**TASK REQUIREMENTS**
Your copy begins at the line with "Mini Schnauzer-DOG-Male-Chocolate Merle-6069-Petland" and runs through the end of the data below. Set down only those lines exactly, without pictures.

--- TASK INPUT ---

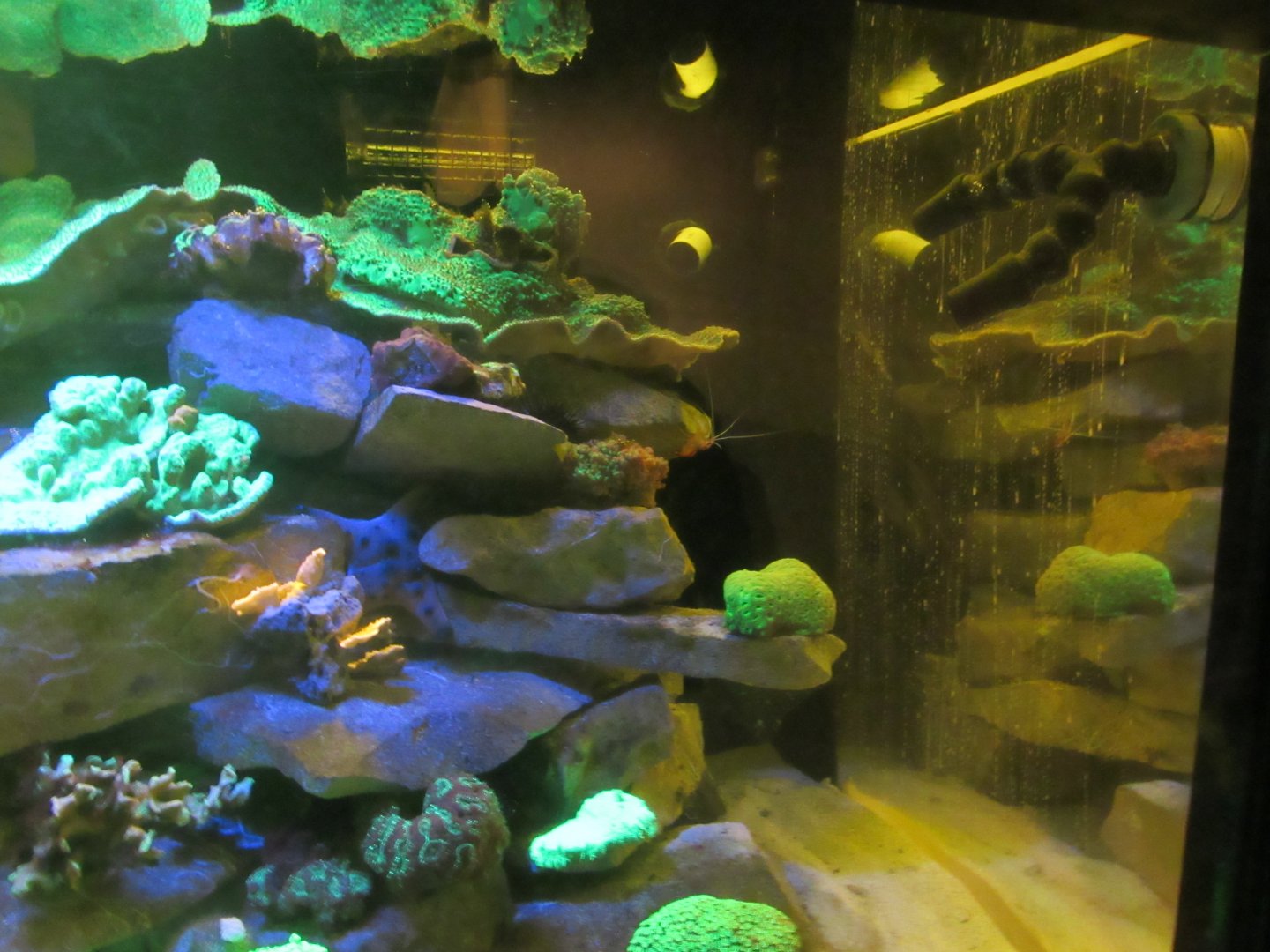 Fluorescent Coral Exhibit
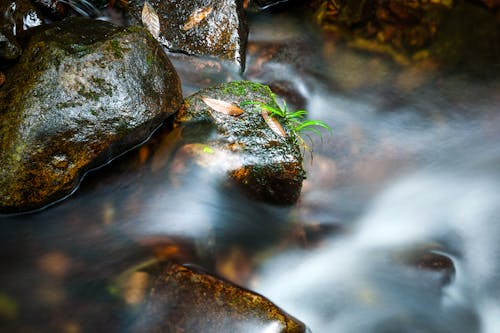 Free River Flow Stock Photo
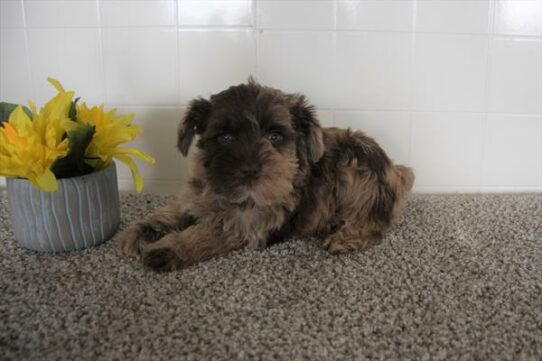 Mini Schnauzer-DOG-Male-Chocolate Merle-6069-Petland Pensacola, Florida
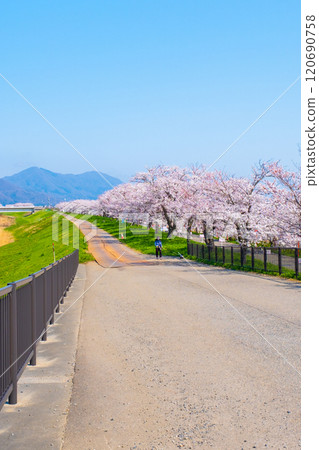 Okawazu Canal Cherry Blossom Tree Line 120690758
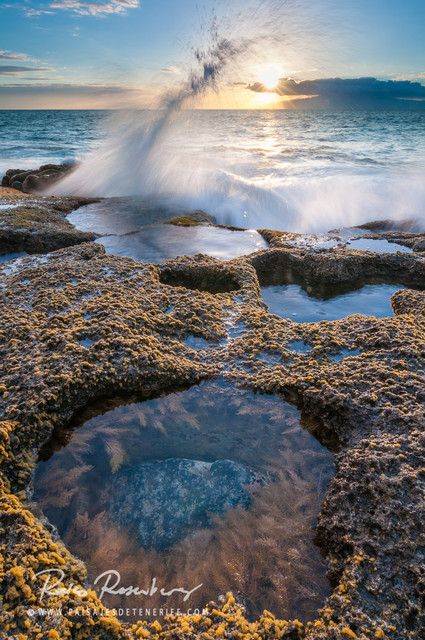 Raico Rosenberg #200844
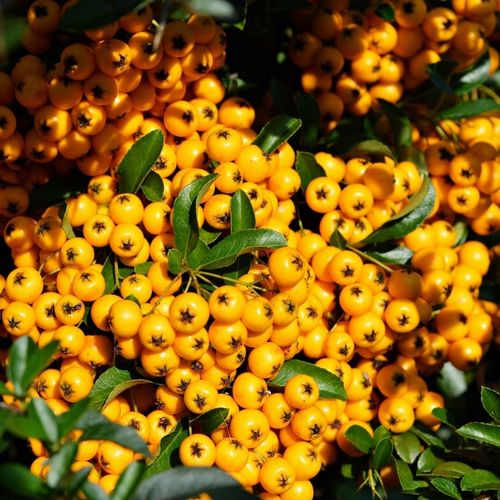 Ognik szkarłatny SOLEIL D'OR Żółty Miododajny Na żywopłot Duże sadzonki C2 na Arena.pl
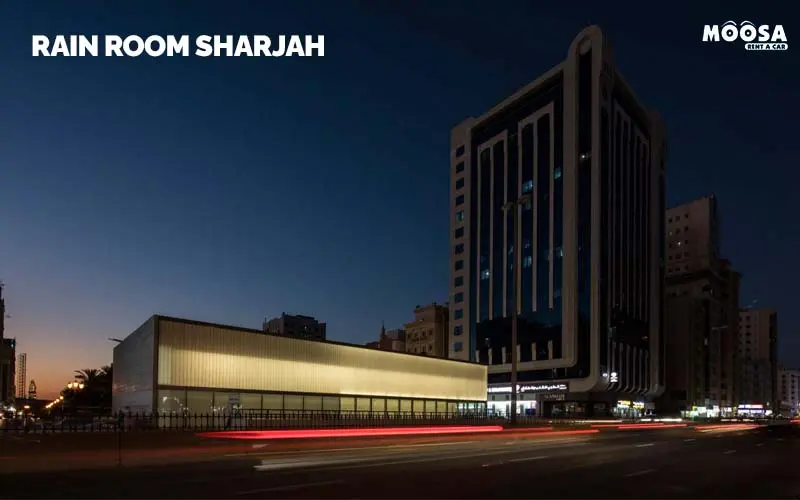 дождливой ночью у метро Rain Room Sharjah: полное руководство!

---

**EXERCISE RESULT**
 Mini Schnauzer-DOG-Male-Chocolate Merle-6069-Petland Pensacola, Florida
 Okawazu Canal Cherry Blossom Tree Line 120690758
 Raico Rosenberg #200844
 Ognik szkarłatny SOLEIL D'OR Żółty Miododajny Na żywopłot Duże sadzonki C2 na Arena.pl
 дождливой ночью у метро Rain Room Sharjah: полное руководство!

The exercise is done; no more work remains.